Tommaso Zoboli ha bruciato il palco di Identità Milano 2025 con l'energia di chi ha appena iniziato a scrivere la propria storia ma lo fa già con un inchiostro indelebile. Ventisei anni, un ristorante che porta il nome di sua madre, Patrizia, e una brigata con un'età media che sfiora i vent'anni: il futuro è adesso, e a Modena ha il sapore dell'innovazione. Agitato? Sì. Velocissimo? Anche troppo. Ma dietro l'emozione c'è una sicurezza che non si insegna, si ha e basta.
La filosofia di Patrizia è una rivoluzione in costante movimento: ogni tre mesi cambia tutto, dalle luci alla musica, dalle ceramiche alle posate. Un cambio pelle continuo che riflette l'energia di una squadra giovane, affamata e senza paura di osare. Perché essere giovani, oggi, è anche un atto di coraggio, significa non avere certezze acquisite ma una valanga di sogni e trampolini da cui lanciarsi come fanno i tuffatori della Red Bull Cliff Diving a Polignano a Mare. Serve incoscienza? Forse. Serve talento? Decisamente, ma la gioventù si esprime anche così, con la voglia di rinnovarsi senza perdere il filo del discorso, o prendendosi il rischio di farlo.

Sul palco con Paolo Marchi, che lo ha presentato
Sul palco, accanto a lui, ci sono
Marcello e
Federico, vent'anni ciascuno. Se
Tommaso era emozionato, loro non erano da meno. Ma l'idea è chiara: Modena non è solo quella delle istituzioni gastronomiche, è anche una città in fermento, piena di nuove voci che vogliono dire la loro.
Patrizia è la sintesi perfetta di questo pensiero laterale che prende la tradizione e la ribalta, la riscrive, la trasforma in un racconto gastronomico in continuo divenire.
Numeri alla mano, il ristorante è un piccolo miracolo imprenditoriale: tre persone in cucina, due in sala, cinque menù cambiati in un anno e mezzo, sessanta piatti diversi creati, un bilancio in positivo e sempre fully booked. Il segreto? Visione, comunicazione e squadra.
Tommaso lo sa bene, per questo ha voluto sul palco al suo fianco anche
Tuorlo Magazine, nella persona del direttore creativo
Luca Genova, che cura l'immagine e la narrazione del progetto. Perché oggi non basta cucinare bene, bisogna anche saperlo raccontare.

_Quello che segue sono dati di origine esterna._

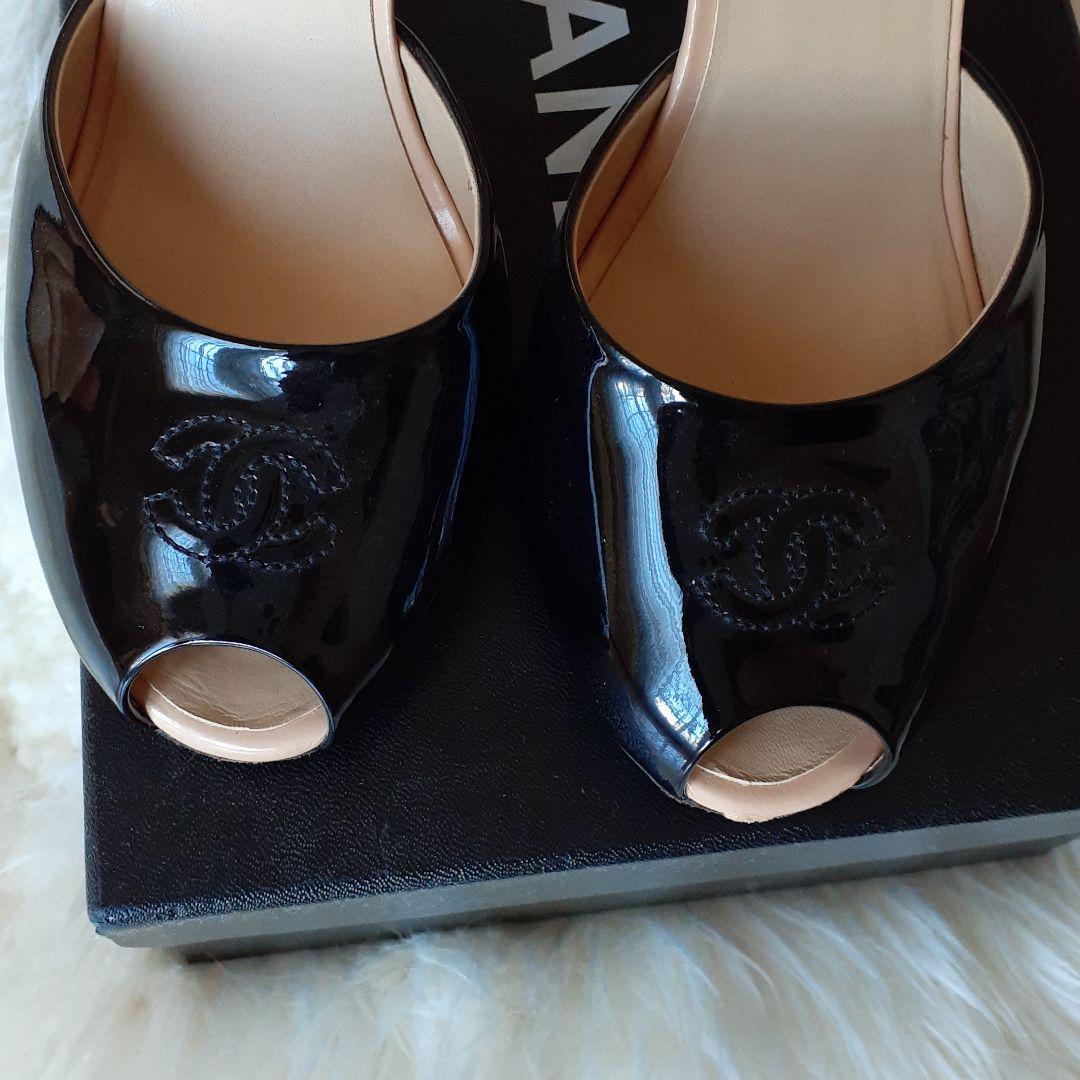 CHANEL　オープントゥヒール
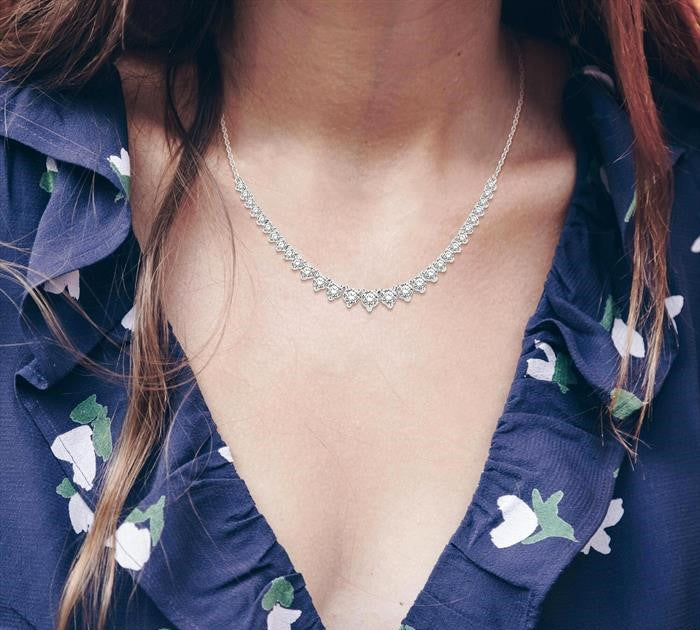 2 Ctw Graduated Diamond Smile Necklace in 14K White Gold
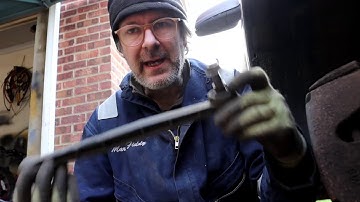 Vauxhall Astra 2007 (H) Front roll bar drop link replacement.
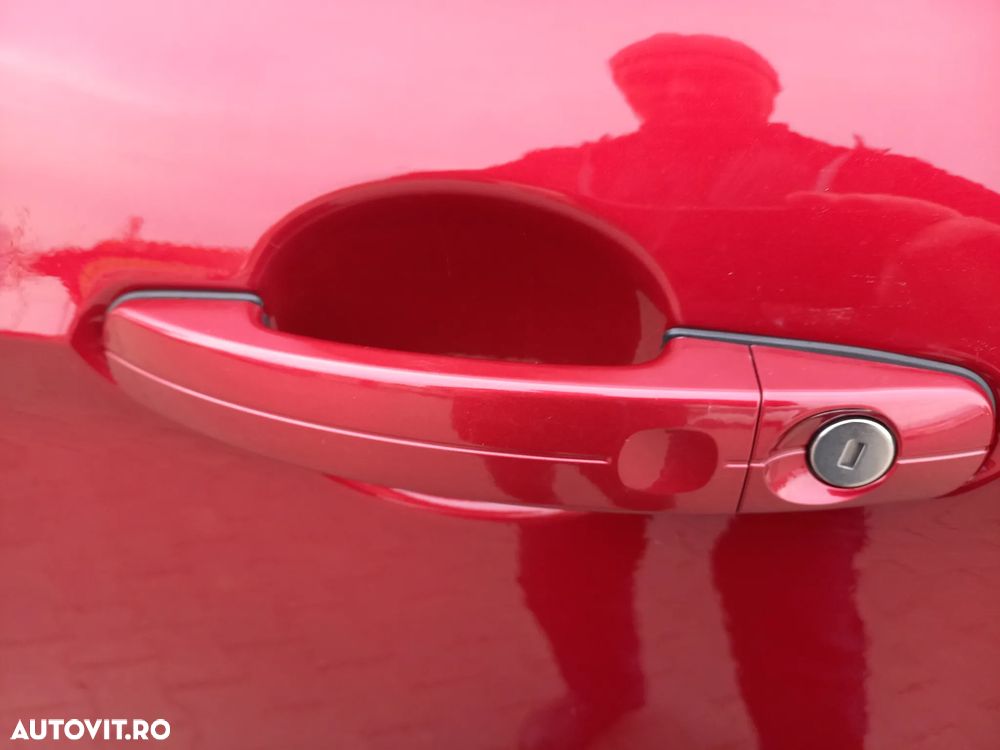 Ford Kuga 2.0 TDCi 4WD Powershift Titanium - 16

Luca Genova, Tuorlo, sul palco con Zoboli
E qui arriviamo al punto più interessante del suo intervento: il menù presentato al congresso si chiama
Umanesimo. Non un semplice elenco di piatti, ma un manifesto gastronomico che parla di ciò che ci rende umani. «Il controllo: il tempo che misuriamo. Il gusto: le mani che creano ciò che la mente immagina. La parola: il bisogno di comunicare. Il fuoco: la forza della natura che impariamo a domare. La ruota: la forma perfetta che unisce ciò che è stato con ciò che sarà. L'espressione: il creare per trovare bellezza. La luce e l'ombra. La guerra e la pace. L'uomo è mutevole, e questo è ciò che siamo, questo è ciò che celebriamo.»
Il dettaglio che ha spiazzato tutti?
Zoboli ha praticamente glissato sui piatti preparati in diretta per puntare tutto sulla narrazione, «tanto poi li venite a mangiare e ne parliamo di persona». Sembrava quasi si fosse dimenticato di raccontarli, ma era voluto? Oppure no? Oppure pura improvvisazione? Il dubbio resta, ma forse è proprio questa la cifra stilistica di
Tommaso: lasciare spazio alla curiosità, aprire porte senza chiuderle mai del tutto.
Come ha ricordato
Antonino Cannavacciuolo nel suo talk (
ne ha scritto Luca Farina qui), anche per
Tommaso il gruppo è tutto e «quando sei stanco e ti viene da mollare tutto, ecco che arriva la forza del gruppo a risollevarti». Ecco perché il futuro, per
Zoboli e la crew di
Patrizia, è sostenibile solo se bilancia lavoro e vita, divertimento e responsabilità, innovazione e memoria. E se il menù è un cortometraggio, il loro percorso è un film ancora tutto da girare. Zero spoiler, ma rimanete connessi, perché questi ragazzi non si fermeranno qui.